South Sudan and Somalia have been locked out of the East African Community (EAC) after the economic bloc’s officials advised against admission.
The decision comes as a blow to local businesspeople who will continue to face restrictions in moving goods and investment capital especially into Juba which had made an application for admission.
A team of technical experts appointed by the bloc early this year to review its economic and political pillars has advised the Council of Ministers to withhold South Sudan’s admission, pending key institutional reforms.
Musa Sirma, the outgoing chairman of EAC Council of Ministers, said the technical team based its decision on the country’s slow progress in setting up proper market and governance institutions after two decades of war.

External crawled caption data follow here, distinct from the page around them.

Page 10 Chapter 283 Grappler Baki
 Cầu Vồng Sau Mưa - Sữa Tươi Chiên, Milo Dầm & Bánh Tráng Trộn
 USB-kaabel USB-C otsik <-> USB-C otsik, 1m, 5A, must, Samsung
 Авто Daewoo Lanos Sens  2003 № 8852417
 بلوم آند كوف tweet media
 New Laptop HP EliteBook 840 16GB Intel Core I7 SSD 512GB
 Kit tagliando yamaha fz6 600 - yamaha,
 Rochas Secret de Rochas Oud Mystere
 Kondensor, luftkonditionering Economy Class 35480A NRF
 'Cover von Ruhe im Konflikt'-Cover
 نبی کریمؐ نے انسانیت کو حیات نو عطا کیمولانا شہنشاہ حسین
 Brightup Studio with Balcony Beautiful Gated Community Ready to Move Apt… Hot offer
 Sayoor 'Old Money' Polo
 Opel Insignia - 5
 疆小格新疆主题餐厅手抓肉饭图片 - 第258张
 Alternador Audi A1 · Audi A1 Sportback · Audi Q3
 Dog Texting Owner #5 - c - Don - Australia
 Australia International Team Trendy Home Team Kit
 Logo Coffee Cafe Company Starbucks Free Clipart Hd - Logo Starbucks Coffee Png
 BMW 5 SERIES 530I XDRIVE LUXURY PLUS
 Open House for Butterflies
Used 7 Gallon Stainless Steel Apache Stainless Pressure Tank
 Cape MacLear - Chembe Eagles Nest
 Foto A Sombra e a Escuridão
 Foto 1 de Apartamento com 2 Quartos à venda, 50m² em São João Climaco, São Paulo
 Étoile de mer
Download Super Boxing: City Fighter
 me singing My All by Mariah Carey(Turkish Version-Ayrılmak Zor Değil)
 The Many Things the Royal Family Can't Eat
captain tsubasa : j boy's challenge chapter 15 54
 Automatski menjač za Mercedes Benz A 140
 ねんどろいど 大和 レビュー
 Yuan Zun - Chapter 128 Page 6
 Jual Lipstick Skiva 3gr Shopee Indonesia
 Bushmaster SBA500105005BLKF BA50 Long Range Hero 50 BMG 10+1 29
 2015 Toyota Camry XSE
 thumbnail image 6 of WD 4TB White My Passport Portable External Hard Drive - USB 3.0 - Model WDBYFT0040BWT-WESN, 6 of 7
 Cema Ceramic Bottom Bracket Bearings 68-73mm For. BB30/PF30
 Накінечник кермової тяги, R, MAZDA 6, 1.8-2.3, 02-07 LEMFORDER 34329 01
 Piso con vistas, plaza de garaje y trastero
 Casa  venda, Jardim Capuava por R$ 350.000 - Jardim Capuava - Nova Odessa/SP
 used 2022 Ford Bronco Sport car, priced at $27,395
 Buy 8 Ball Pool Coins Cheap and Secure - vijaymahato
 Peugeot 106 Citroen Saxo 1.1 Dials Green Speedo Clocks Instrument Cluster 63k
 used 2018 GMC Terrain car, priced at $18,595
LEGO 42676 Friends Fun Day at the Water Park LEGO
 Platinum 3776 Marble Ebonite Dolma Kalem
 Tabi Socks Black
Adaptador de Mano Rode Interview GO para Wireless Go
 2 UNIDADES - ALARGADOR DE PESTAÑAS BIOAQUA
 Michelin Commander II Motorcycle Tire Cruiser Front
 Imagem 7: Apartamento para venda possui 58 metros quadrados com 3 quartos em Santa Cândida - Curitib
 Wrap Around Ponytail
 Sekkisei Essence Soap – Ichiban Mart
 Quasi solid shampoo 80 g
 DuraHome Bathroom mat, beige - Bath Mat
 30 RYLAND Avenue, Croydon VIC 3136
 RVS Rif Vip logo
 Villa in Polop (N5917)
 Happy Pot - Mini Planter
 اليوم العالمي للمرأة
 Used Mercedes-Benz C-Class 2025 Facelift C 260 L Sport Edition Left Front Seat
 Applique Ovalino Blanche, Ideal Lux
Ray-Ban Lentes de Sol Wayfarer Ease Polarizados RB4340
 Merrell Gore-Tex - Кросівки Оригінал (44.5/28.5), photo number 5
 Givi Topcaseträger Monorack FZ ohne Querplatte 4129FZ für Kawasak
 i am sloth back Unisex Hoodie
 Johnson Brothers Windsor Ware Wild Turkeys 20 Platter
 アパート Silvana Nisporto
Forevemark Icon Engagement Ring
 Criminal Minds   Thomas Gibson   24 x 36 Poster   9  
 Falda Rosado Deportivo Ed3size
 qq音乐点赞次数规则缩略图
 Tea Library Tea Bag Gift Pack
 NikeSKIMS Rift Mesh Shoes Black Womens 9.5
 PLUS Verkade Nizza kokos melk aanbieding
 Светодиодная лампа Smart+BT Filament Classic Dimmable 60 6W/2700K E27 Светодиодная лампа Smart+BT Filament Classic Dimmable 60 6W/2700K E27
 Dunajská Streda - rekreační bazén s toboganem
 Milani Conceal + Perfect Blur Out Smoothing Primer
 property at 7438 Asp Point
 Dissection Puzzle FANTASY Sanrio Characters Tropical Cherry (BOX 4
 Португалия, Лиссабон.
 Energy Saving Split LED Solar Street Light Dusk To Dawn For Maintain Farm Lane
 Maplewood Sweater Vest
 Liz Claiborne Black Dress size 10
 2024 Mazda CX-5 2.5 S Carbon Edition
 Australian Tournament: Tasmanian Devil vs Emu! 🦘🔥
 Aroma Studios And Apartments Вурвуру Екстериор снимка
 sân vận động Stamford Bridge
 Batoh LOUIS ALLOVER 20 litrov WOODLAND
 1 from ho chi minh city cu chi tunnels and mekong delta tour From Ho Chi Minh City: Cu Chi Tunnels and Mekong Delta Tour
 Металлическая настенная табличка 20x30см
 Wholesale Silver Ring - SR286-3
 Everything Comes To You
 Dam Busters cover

“The technical team reviewed institutions and interviewed their officials to form the opinion that it (South Sudan) needed more time,” Mr Sirma told journalists in Nairobi yesterday.
“This remains the prerogative of heads of state but it is most unlikely a decision would be made to admit South Sudan this year.”
The council of ministers began its one-week meeting yesterday to prepare for the heads of state summit which will take place in Nairobi on Friday.
The membership applications by South Sudan and Somalia are among the items that await the summit meeting where President Mwai Kibaki will also pass on the leadership mantle to Uganda’s President Yoweri Museveni.
The reason cited by the technical team to lock out South Sudan means Somalia also has a long way to go before its bid to join the regional bloc is approved. The presidents had referred South Sudan’s membership request to the council last year after failing to reach a uniform decision.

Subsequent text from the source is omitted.